Records provided:
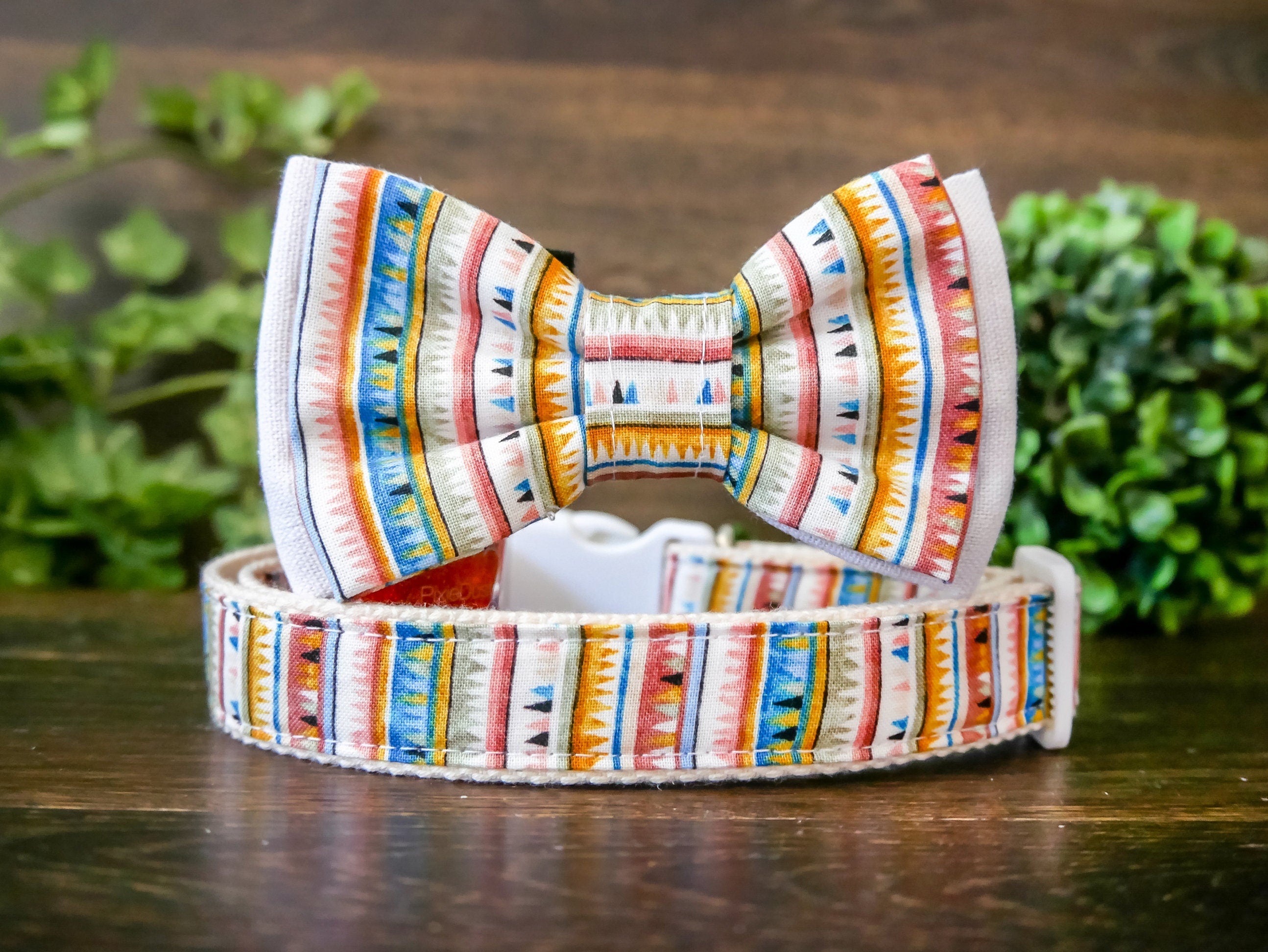 Boho Dog Collar with Bow Tie - Adjustable Pet Necklace for Small Medium Large Dogs - Stylish & Comfortable for Daily Walks, Parties & Photo Shoots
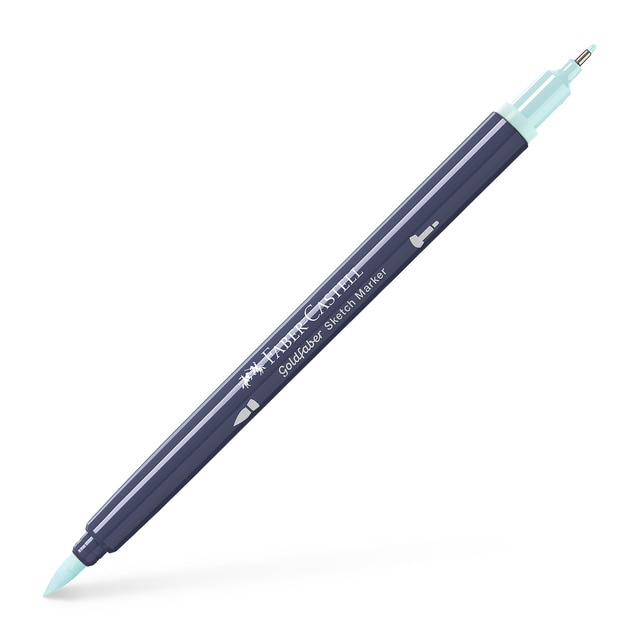 Rotulador sketch marker doble punta tinta base alcohol Goldfaber Faber-Castell menta claro.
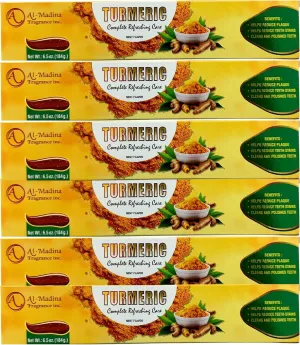 Herbal and Turmeric Toothpaste with Saffron, Tea Tree, Aloe Vera and Ginger - Paraben Free & Refreshing Oral Care for Sensitive Teeth - Halal - Pack of 6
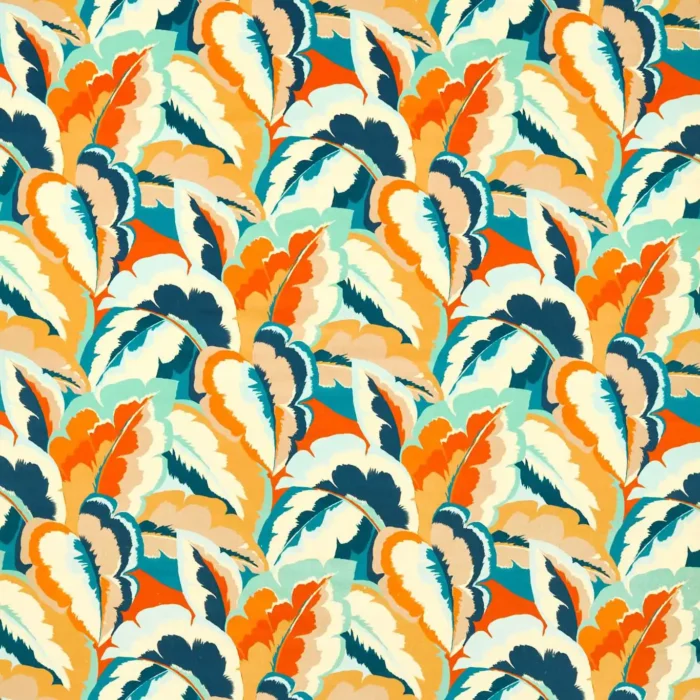Calathea Velvet Fabric - Azul / Onsen / French Ochre / Paprika swatch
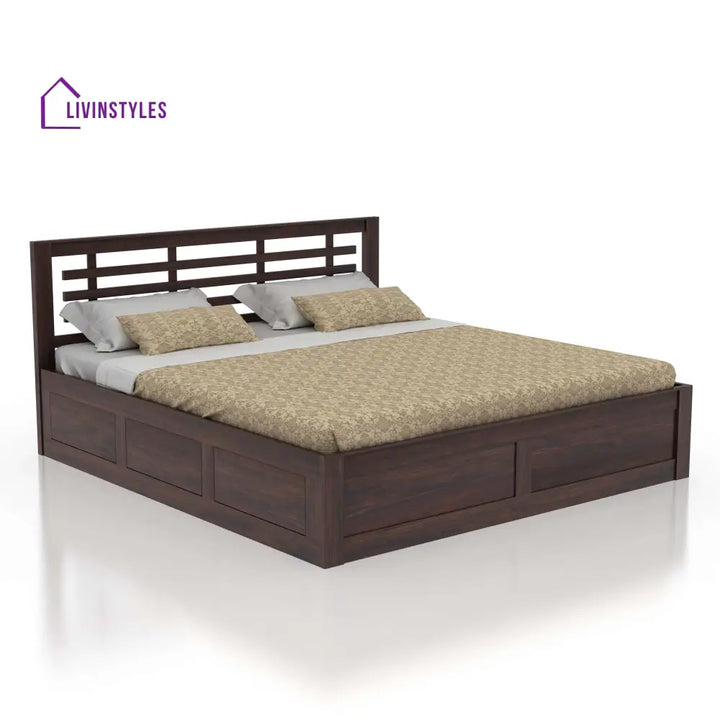 Lyon Solid Sheesham Wood Bed With Box Storage - 1 Year Warranty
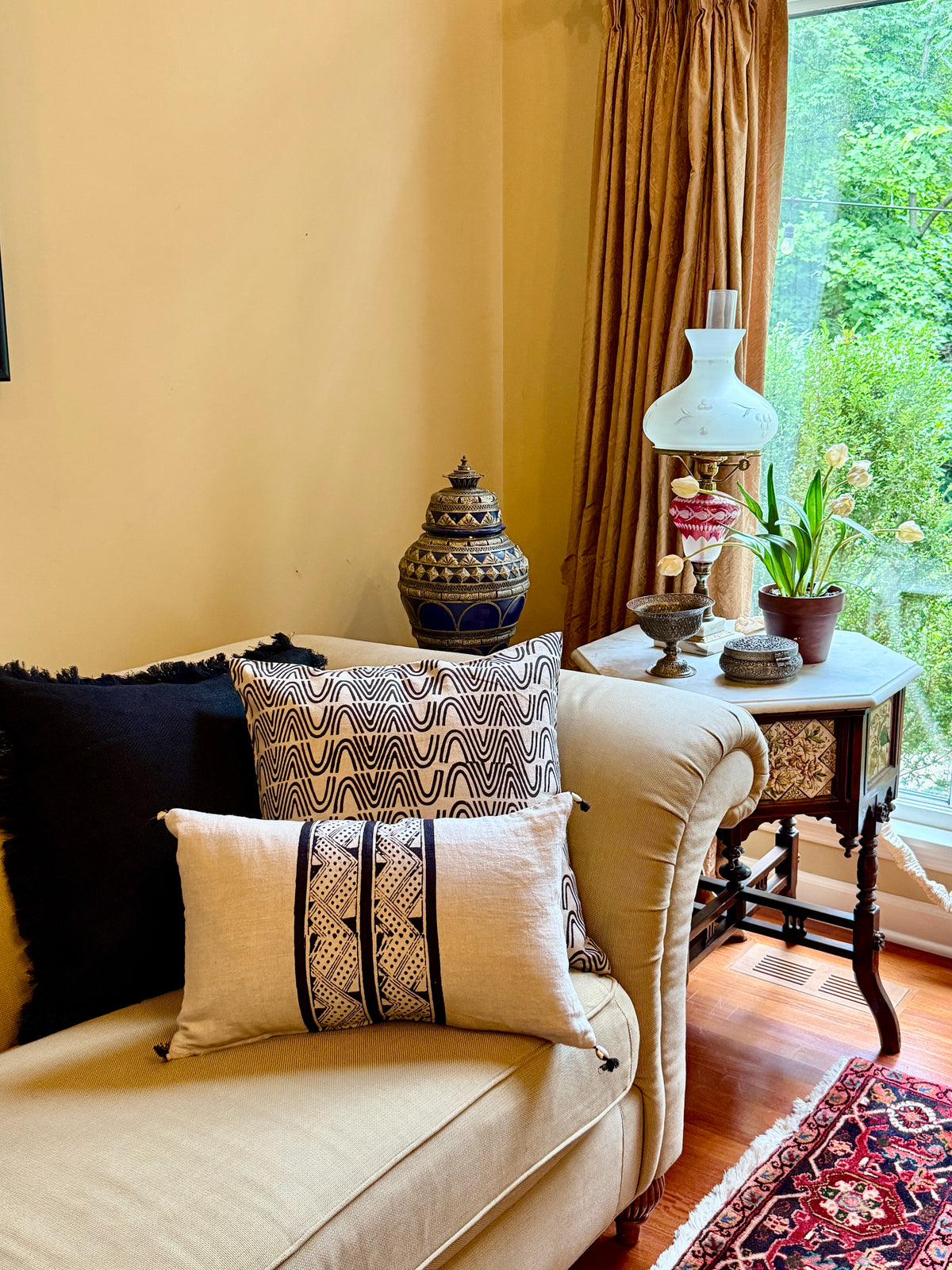 Prayag Charcoal Decorative Pillow Cover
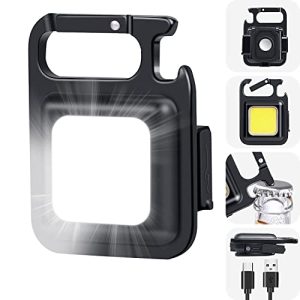 Voltac® Multifunction Keychain Led Light with Bottle Opener, Magnetic Base and Folding Bracket Mini Cob 500 lumens Rechargeable Multifunctional Keychain Emergency Light Keychain, Metal (Square with 3 Modes)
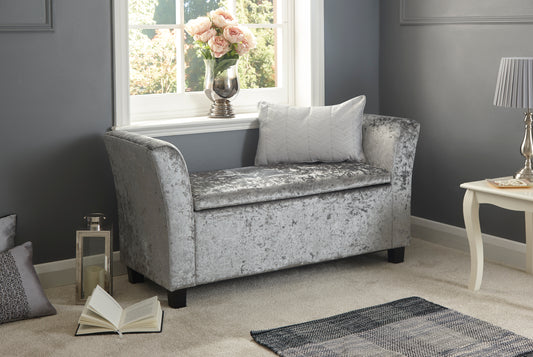 GFW Verona Crushed Velvet Blanket Box - Grey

Task description: An exact transcription is needed of the lines from the one with "Rotulador sketch marker" to the one with "Prayag Charcoal Decorative Pillow Cover" above, both ends included, with pictures left out.

Solution for this exercise:
 Rotulador sketch marker doble punta tinta base alcohol Goldfaber Faber-Castell menta claro.
 Herbal and Turmeric Toothpaste with Saffron, Tea Tree, Aloe Vera and Ginger - Paraben Free & Refreshing Oral Care for Sensitive Teeth - Halal - Pack of 6
Calathea Velvet Fabric - Azul / Onsen / French Ochre / Paprika swatch
 Lyon Solid Sheesham Wood Bed With Box Storage - 1 Year Warranty
 Prayag Charcoal Decorative Pillow Cover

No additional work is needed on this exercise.